[Scraped caption text data]
[Start of Attachment]

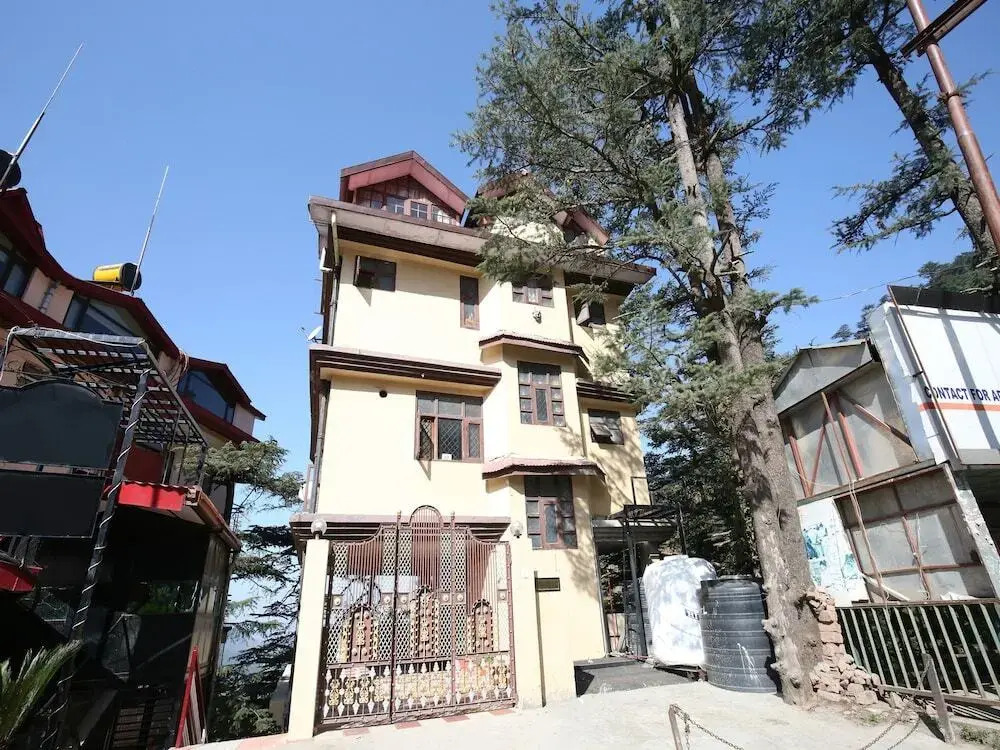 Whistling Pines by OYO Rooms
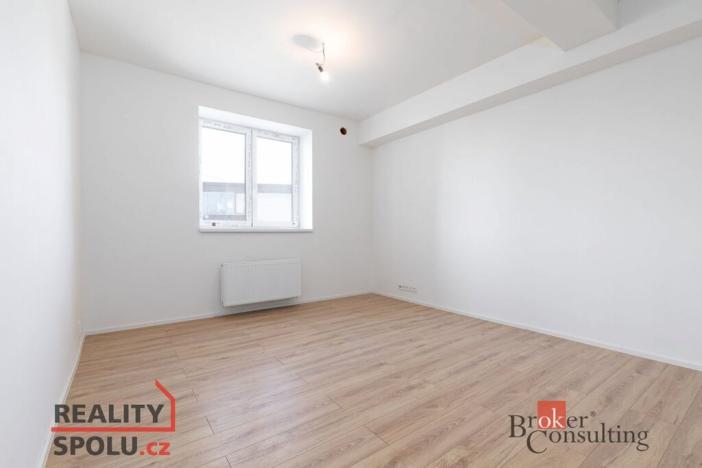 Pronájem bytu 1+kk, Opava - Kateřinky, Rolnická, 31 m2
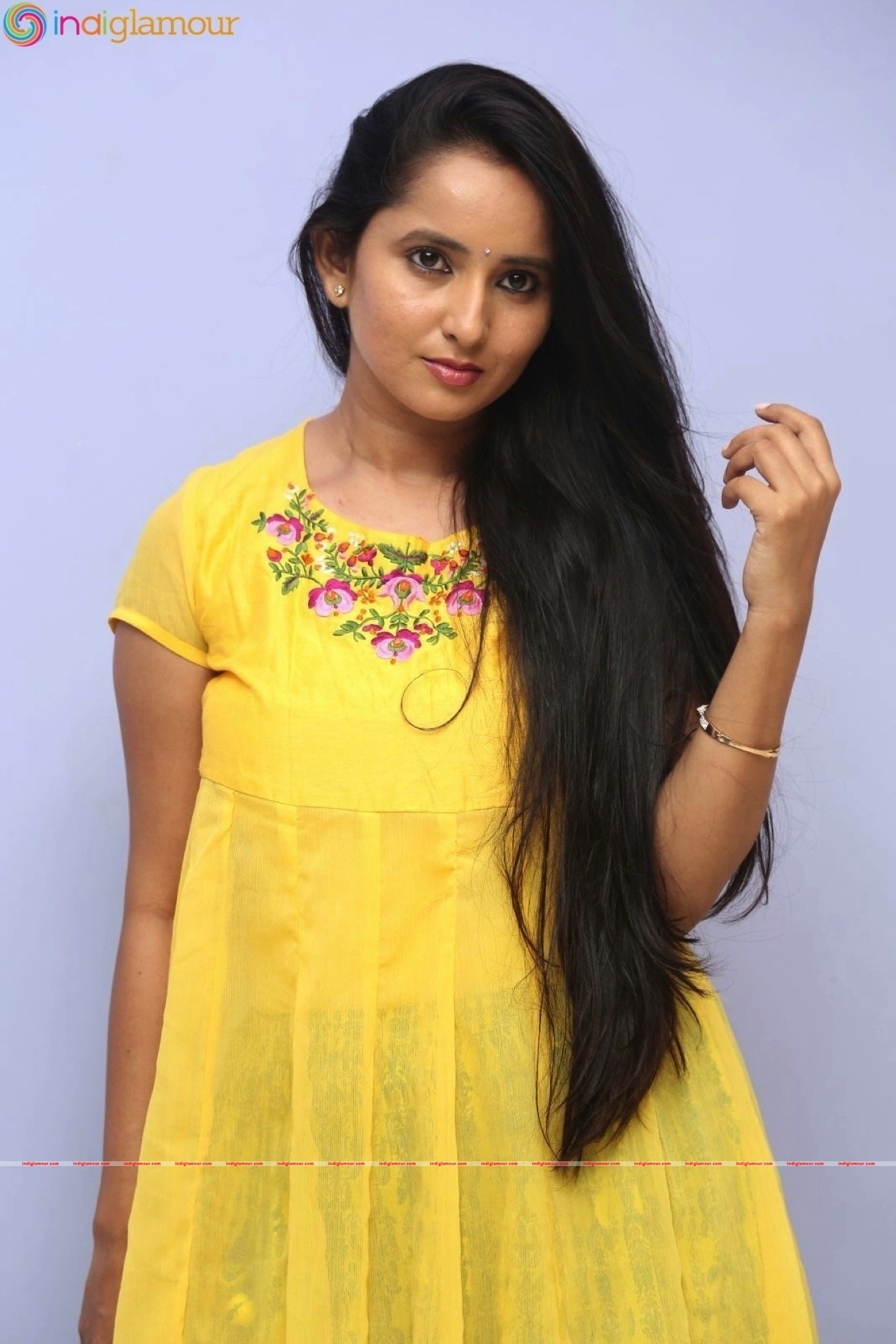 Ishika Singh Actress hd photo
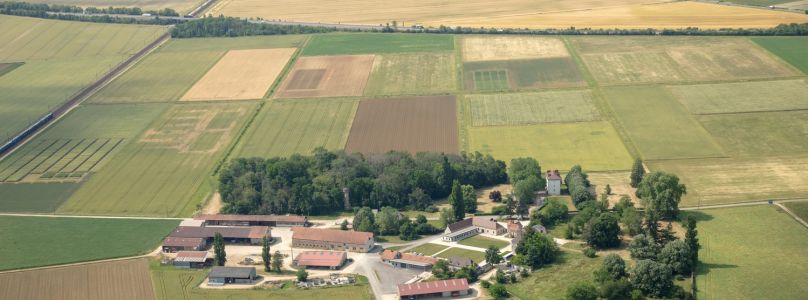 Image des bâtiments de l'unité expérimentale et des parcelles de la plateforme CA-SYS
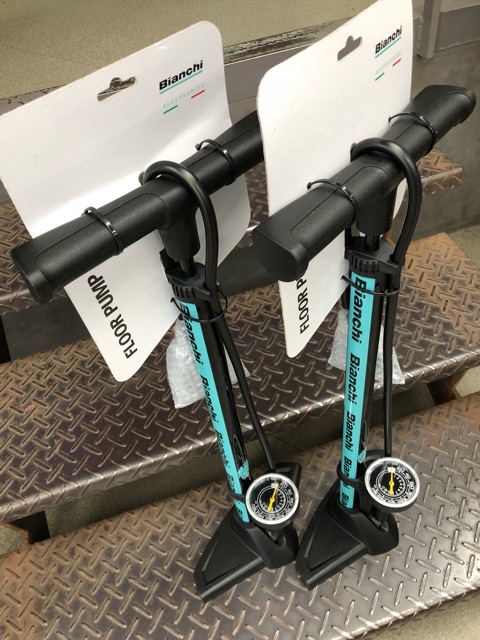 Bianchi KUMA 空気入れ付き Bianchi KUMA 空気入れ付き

[End of Attachment]

● What this task involves
All the lines above are to be given again exactly as they read, with the pictures removed.

● Answer to this problem
 Whistling Pines by OYO Rooms
 Pronájem bytu 1+kk, Opava - Kateřinky, Rolnická, 31 m2
 Ishika Singh Actress hd photo
 Image des bâtiments de l'unité expérimentale et des parcelles de la plateforme CA-SYS
 Bianchi KUMA 空気入れ付き Bianchi KUMA 空気入れ付き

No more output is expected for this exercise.